1968 / Round: 2 / Pick: 37

Field goals:
  
15 attempts / 3 made

Jerry Dean DePoyster (born July 6, 1946, in Omaha, Nebraska) is a former American football placekicker and punter who also played in the National Football League.

Contents

College career

Jerry DePoyster was an All-American college football player at the University of Wyoming. He was recruited as a wide receiver and defensive back, but he made his biggest impact as a punter and kicker. In his junior season, 1966, DePoyster set a record which has never been broken though others have equaled it. He became the first kicker in NCAA history to make three field goals of over 50 yards in one game, connecting from 54, 54 and 52 yards in an October 8, 1966 game against Utah. He also still holds several records for most field goals attempted, and was the top-rated kicker in college football in 1966. He was a member of two Western Athletic Conference championship teams, in 1966 and 1967, both of which finished with 10-1 won-loss records. The 1967 team went undefeated in the regular season and appeared in the Sugar Bowl in New Orleans on New Year's Day in 1968. DePoyster was inducted into the University of Wyoming Athletics Hall of Fame on September 15, 2006.

Professional career

DePoyster was a 2nd round selection (37th overall pick) the 1968 Common Draft by the Detroit Lions. He played in all 14 of the Lions games that season, as both a punter and placekicker. He then served in the military for two years. During the 1971 NFL season, he was signed as a free agent by the Oakland Raiders after the team cut veteran Mike Eischeid. DePoyster appeared in the last 12 games of the 1971 season as well as the entirety of the 1972 season. He was strictly a punter and kickoff specialist: future Hall of Famer George Blanda handled the field goals and extra points. In 1973, the Raiders drafted another future Hall of Famer, Ray Guy (who was the first pure punter ever taken in the first round of the NFL draft). DePoyster retired from football to raise a family and to work in the homebuilding and oil industries.

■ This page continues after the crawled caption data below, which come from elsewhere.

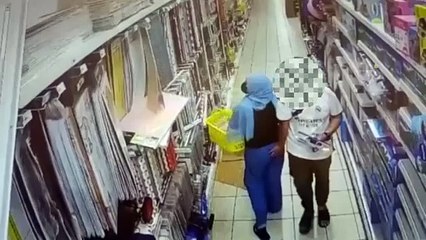 男子在超市对女子做这事 CCTV全拍下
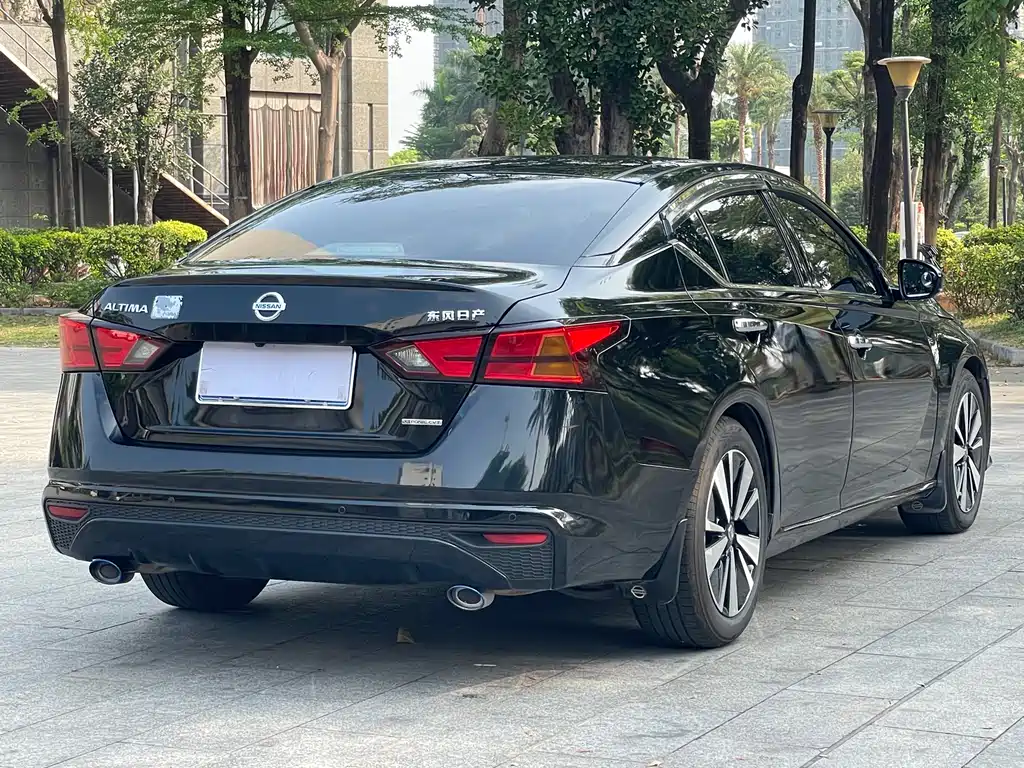 Nissan Teana 2022 — фото 13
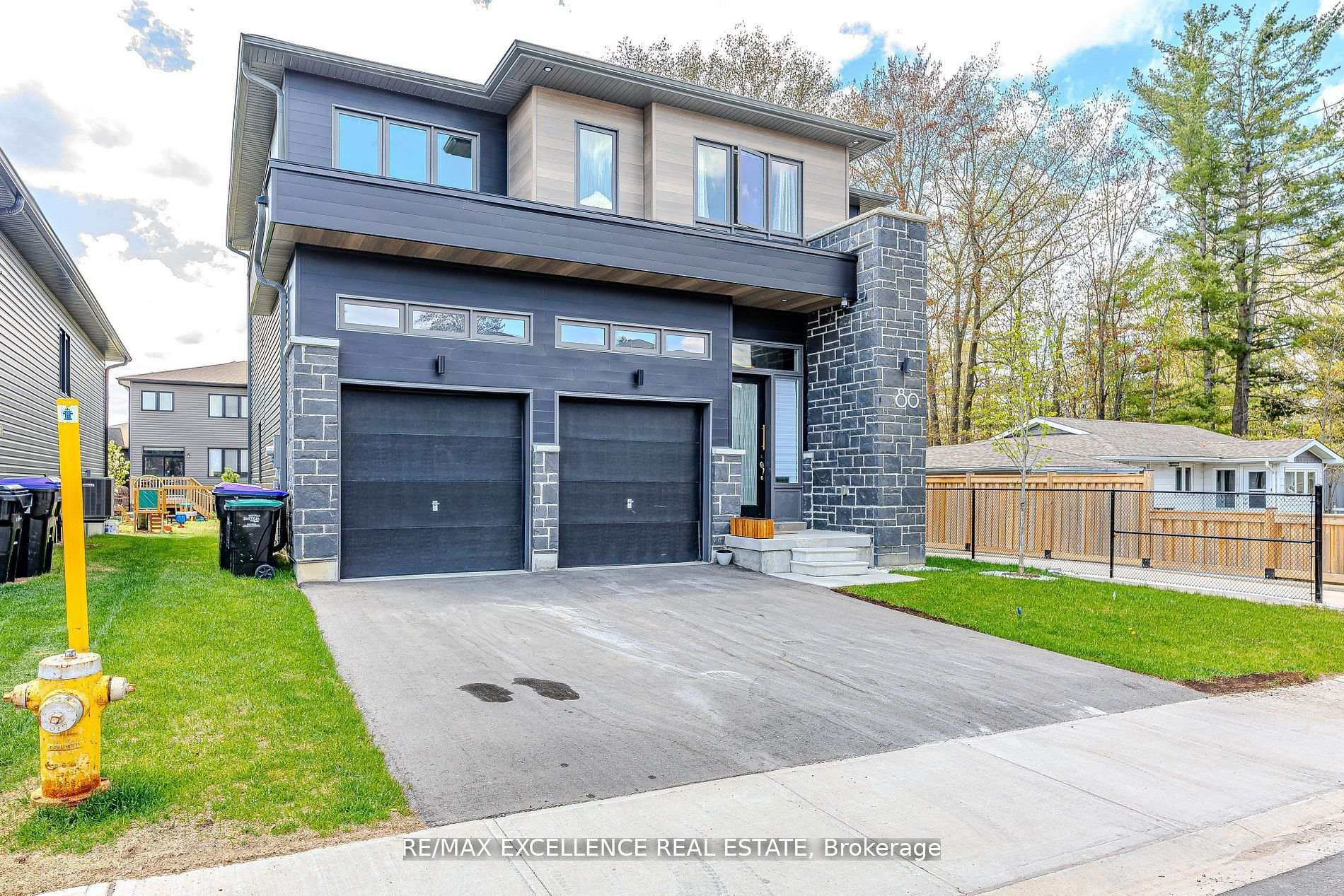 Photo 1 of 80 Berkely Street, Wasaga Beach — HOMEH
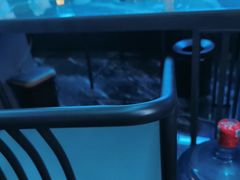 -海盗船. 龙虾烧烤. 酒馆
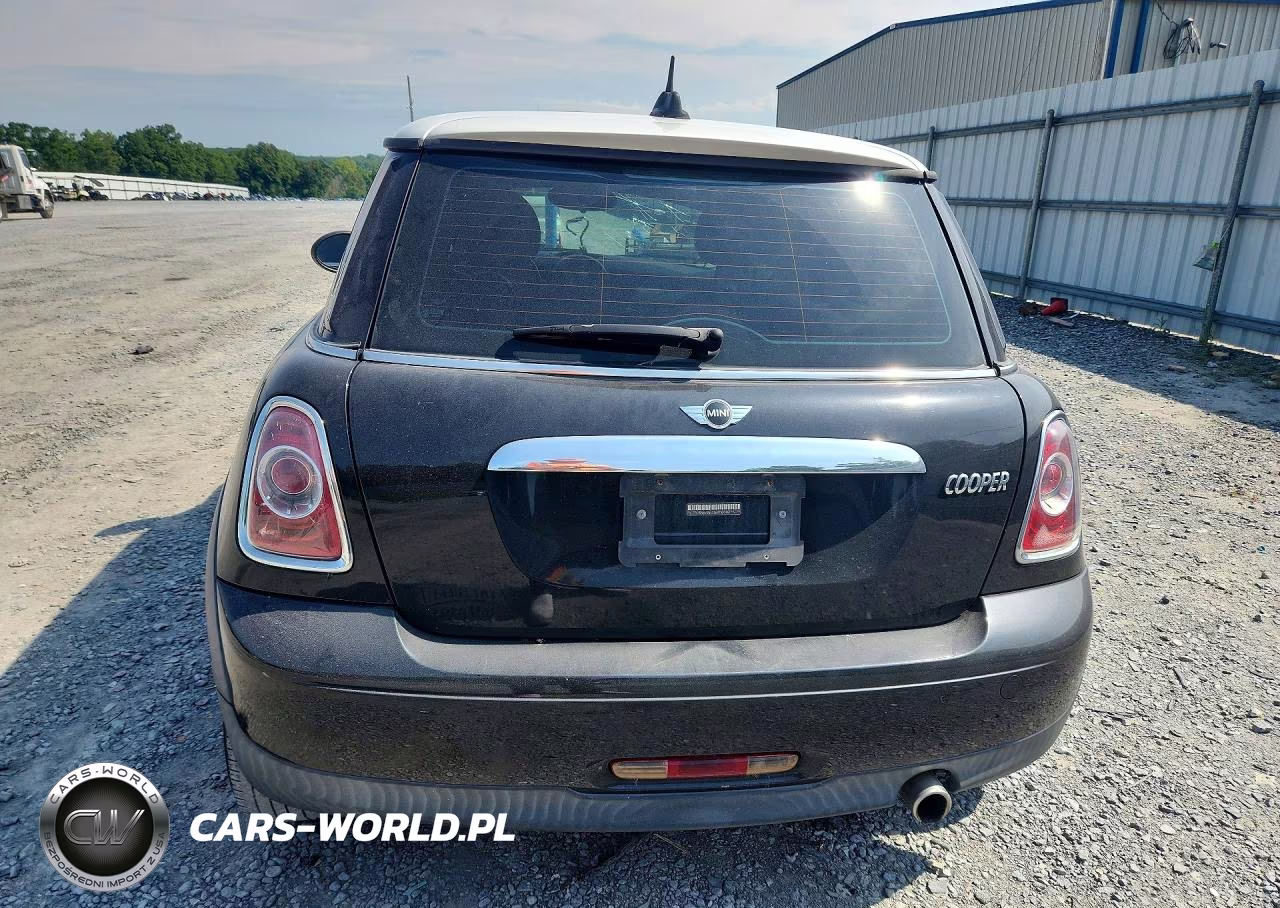 2011 Mini Cooper VIN:WMWSU3C5XBTX97460 - 6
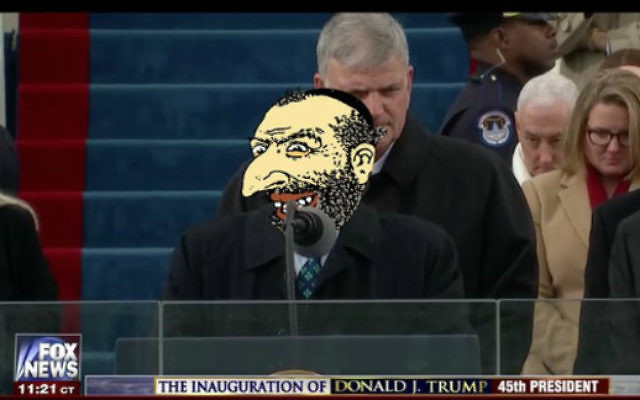 Caricature antisémite publiée sur Twitter visant le rabbin Marvin Hier, fondateur du Centre Simon Wiesenthal, pendant son intervention lors de la cérémonie d'investiture de Donald Trump, le 20 janvier 2017. (Crédit : capture d'écran YouTube)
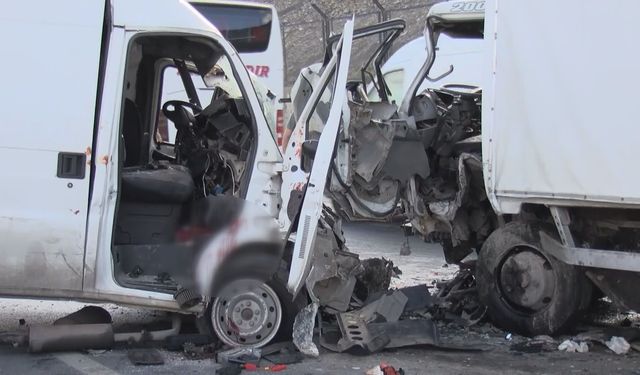 Esenler'de beş aracın karıştığı zincirleme kaza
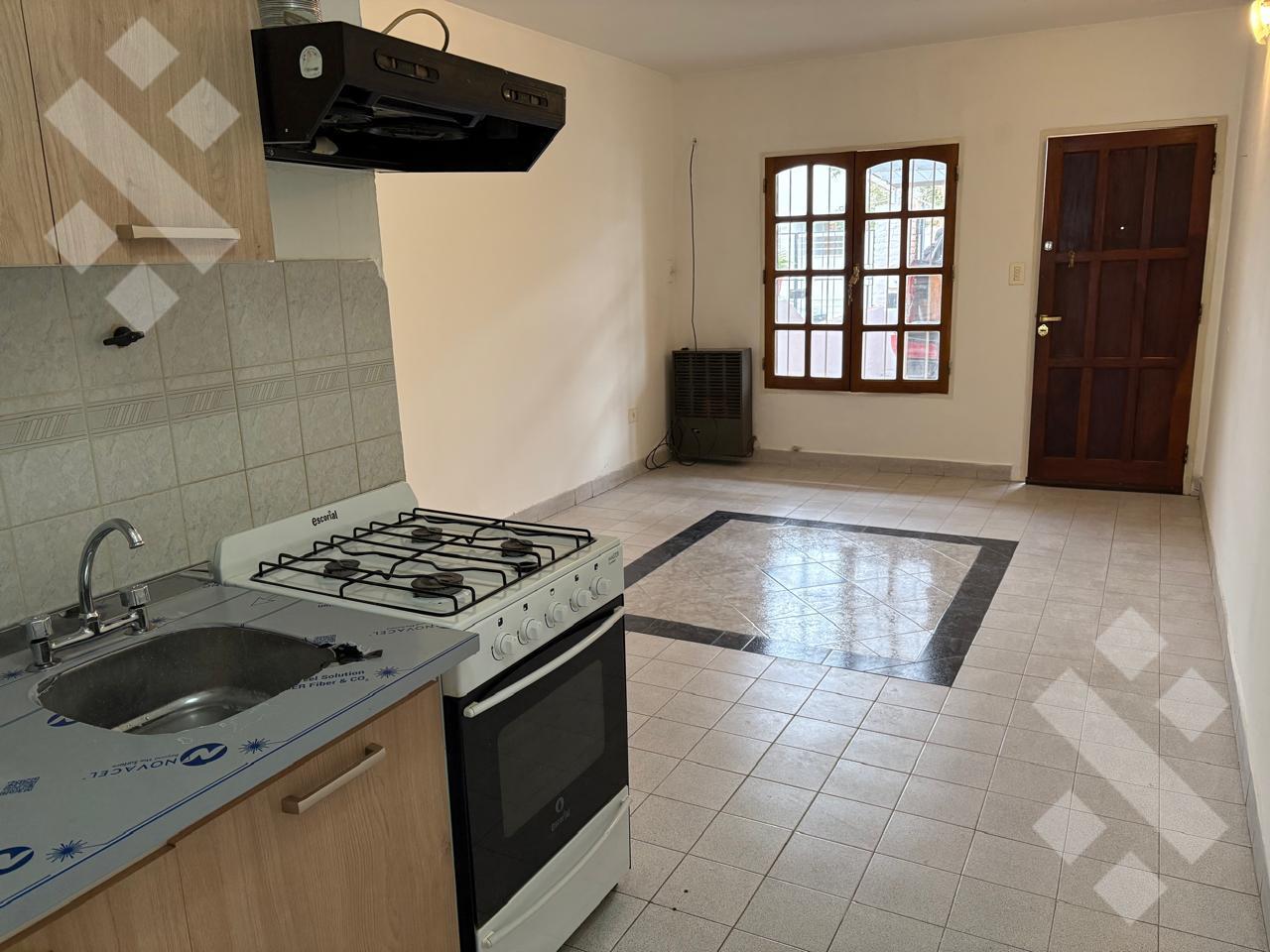 Foto de Alquiler PH 1 dormitorio Bº Santa Genoveva, imagen 5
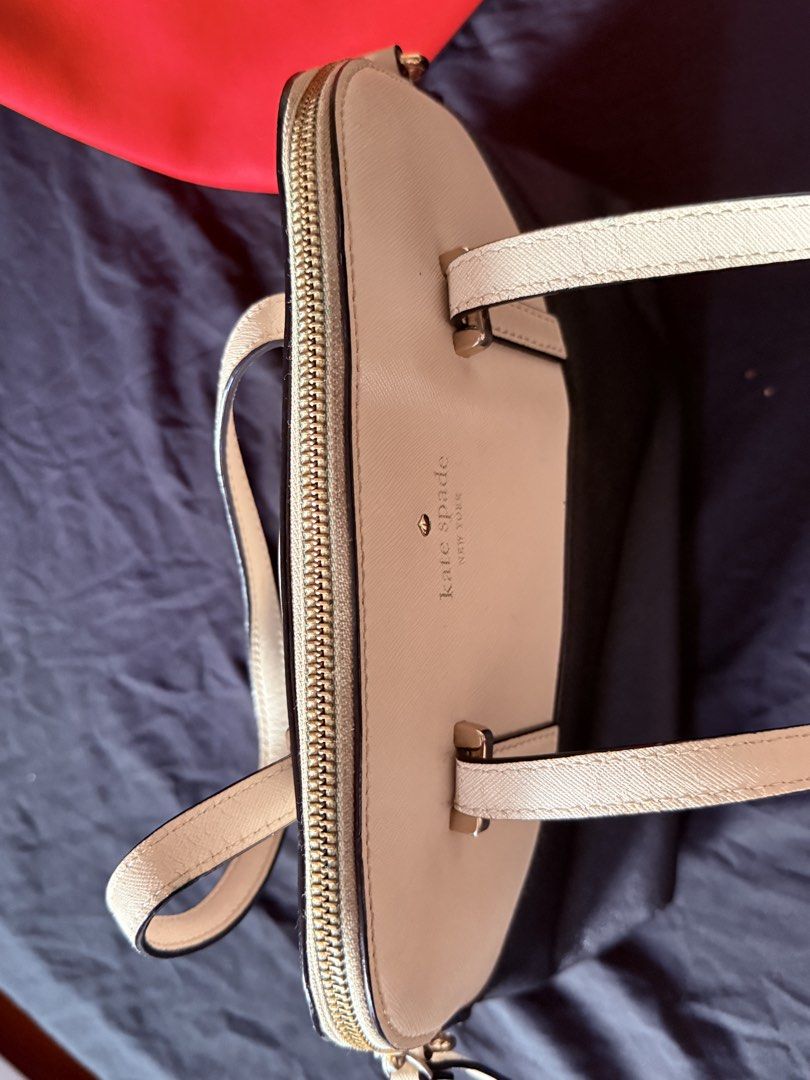 Kate Spade Two-Tone Satchel Handbag (Category: Luxury Bags & Wallets) located in Bulacan. Submitted by makelearningfun (Listing ID 1424237129, Image 3). Description: Can give discount but please do not lowball we need extra funds.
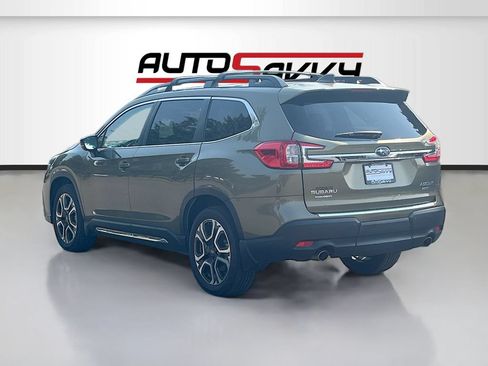 Used 2024 Subaru Ascent Limited w/ Technology Package AWD/4WD image 5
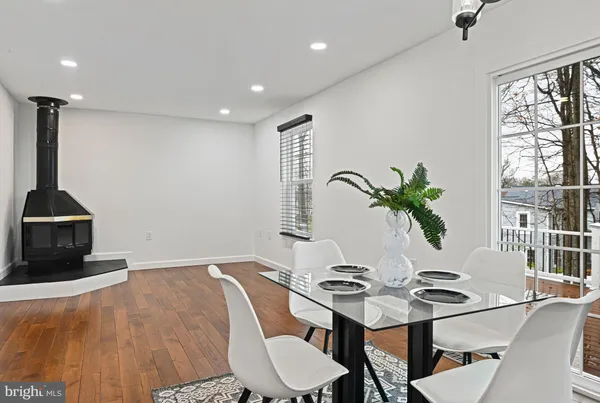 $835,000 | 1413 Bayshire Lane, Herndon, VA 20170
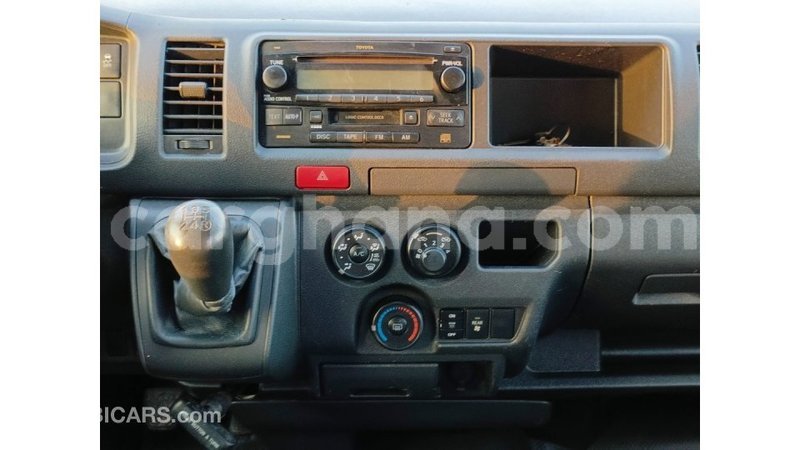 Big with watermark toyota hiace ashanti import dubai 48731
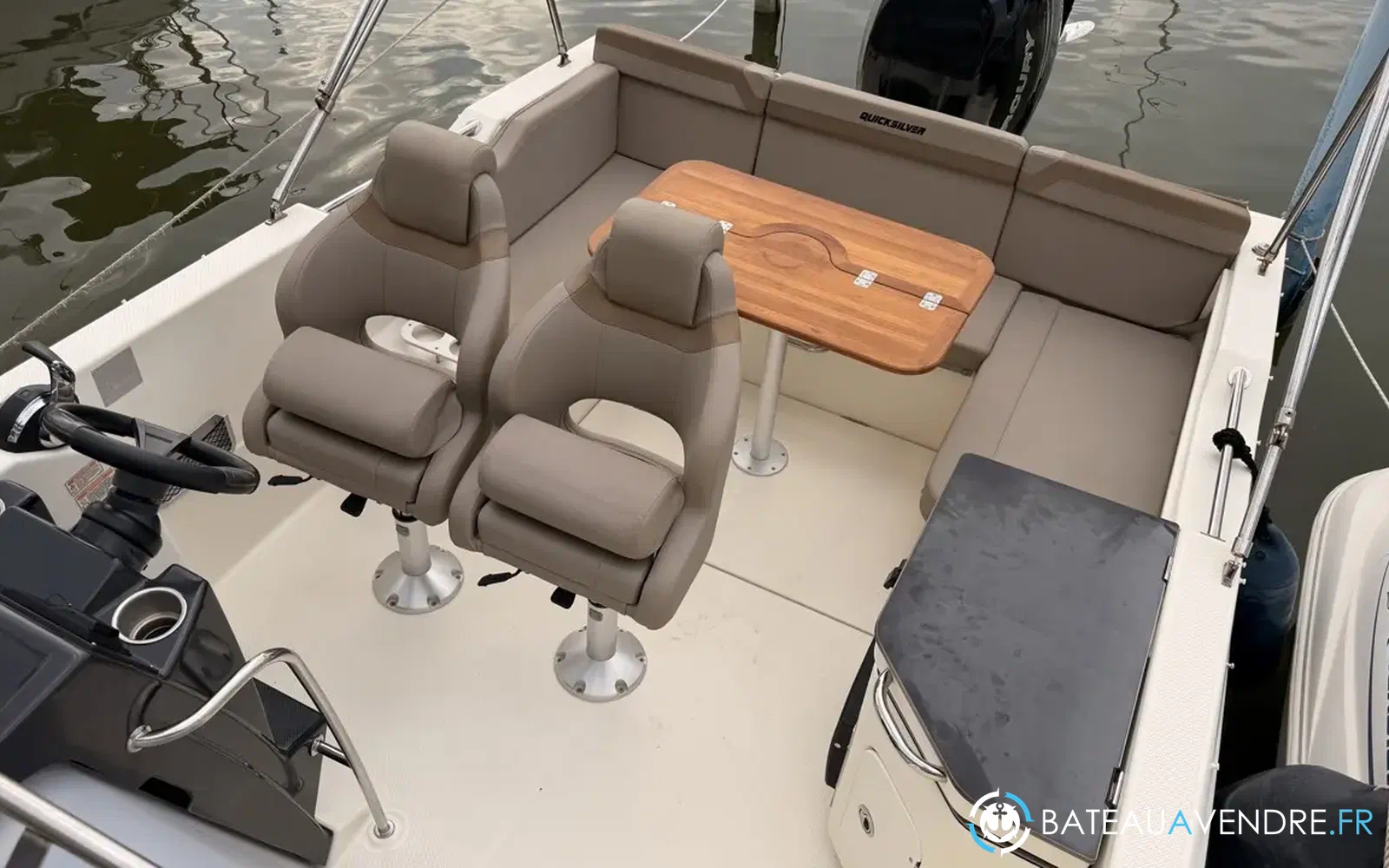 slider 9 Quicksilver Activ 755 Sundeck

DePoyster is often erroneously cited in various internet sources as having kicked the shortest punt in NFL history, supposedly either 10 or 11 yards long. (The shortest punt ever was actually negative-7 yards by Sean Landeta of the New York Giants in a 1985 playoff game, and there have been at least two 1-yard punts.) Although he was a good punter, he became nationally infamous in 1972 for a botched punt against the Chicago Bears which made him the butt of a joke on the Tonight Show with Johnny Carson. DePoyster told a newspaper interviewer in 2008: "We were playing in Oakland and the water was about a foot above my shoes. I punted from my own end zone and the ball went about 10 yards and the guy returned it for a touchdown. I think they replayed that about three times on Johnny Carson's show. I didn't think an old Nebraska guy would do that to me."

In his book One Knee Equals Two Feet, former Raiders coach John Madden contrasted Ray Guy's "great hands" with DePoyster's. "Jerry DePoster drove me crazy," Madden wrote. "He seldom caught the snap cleanly. He would bobble it or it would bounce off his chest. Every punt got to be an adventure."